Não é tão fácil falar sobre uma época complicada das nossas vidas. Amanhã,
então. Vamos continuar aqui, pegue aquelas caixas.
***
Foi um pouco antes do chamado
colapso de energia. Naquela época, tudo girava em função da energia, fosse
hidrelétrica ou de outras fontes. As pessoas escreviam em computadores,
aliás, faziam quase tudo pelo computador, se é que você me entende. Os livros
estavam deixando de existir porque havia pequenos objetos que armazenavam
milhares deles. No supermercado, as atendentes usavam pequenas armas que
jogavam luzes nas embalagens para saber o preço dos produtos e fazer a soma,
até porque as pessoas compravam tudo em grandes quantidades. No banco, podíamos
fazer operações financeiras em caixas automáticos. Os telefones eram móveis,
podíamos atender em qualquer lugar, enfim. Se tudo era mais fácil? Em princípio
sim, mas com as constantes quedas de energia as pessoas ficavam atordoadas,
todo um trabalho podia se perder. Sabe aquele poema do Drummond, o “Cota Zero”?
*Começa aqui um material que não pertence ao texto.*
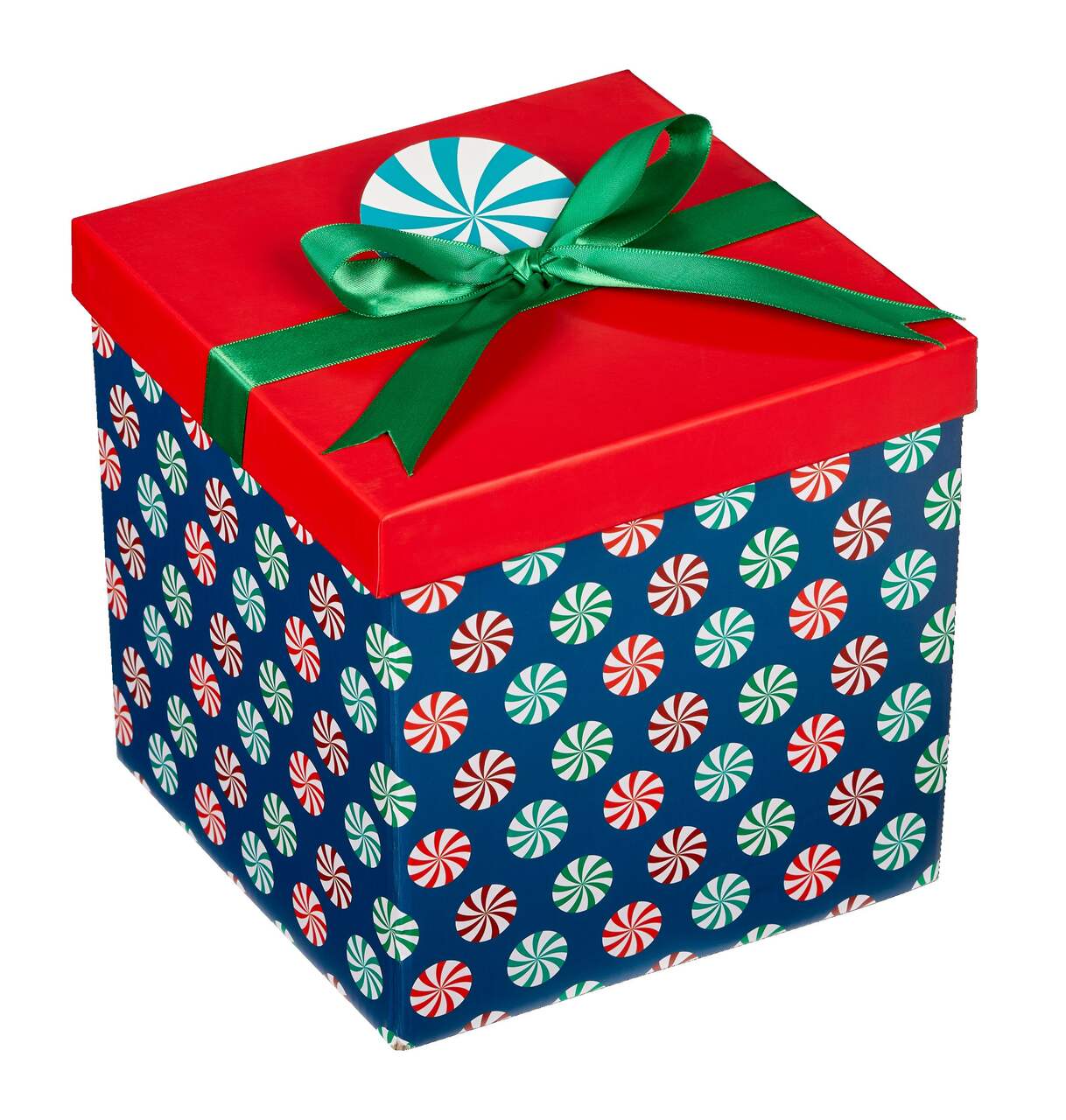 FOR LIVING Foldable Square Holiday Gift Box with Lid, Small, Candy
Ele questiona se quem parou foi o homem ou o automóvel. Ora, se pensarmos que
ao falar em automóvel ele está se referindo às máquinas, podemos dizer o
seguinte: ao dar o título de “Cota Zero” ao poema, está querendo dizer que
alguém está perdendo sua parte em alguma coisa. No caso, quem pode estar
perdendo seu lugar é o homem, já que a máquina estava, naquela época, tomando
conta de tudo. Isso que quando ele escreveu não existiam muitas novidades
tecnológicas ainda. Mas podemos questionar: se o homem para, a máquina também
para, afinal, quem faz o carro parar? Então, se o homem para, as máquinas,
consequentemente, vão parar. E se elas param, o homem também para. Era um
sábio, o Drummond, falando sobre a dependência do homem às máquinas, prevendo
o que iria acontecer.
Conheci sua avó em uma fila de
uma loja (esse era um dos lados ruins dessa época, existia fila pra tudo). Eu
estava comprando pilhas e baterias recarregáveis para meus aparelhos
eletrônicos. As crianças da minha geração só queriam brinquedos eletrônicos e,
depois de adultos, ainda encontravam em aparelhos eletrônicos seu divertimento.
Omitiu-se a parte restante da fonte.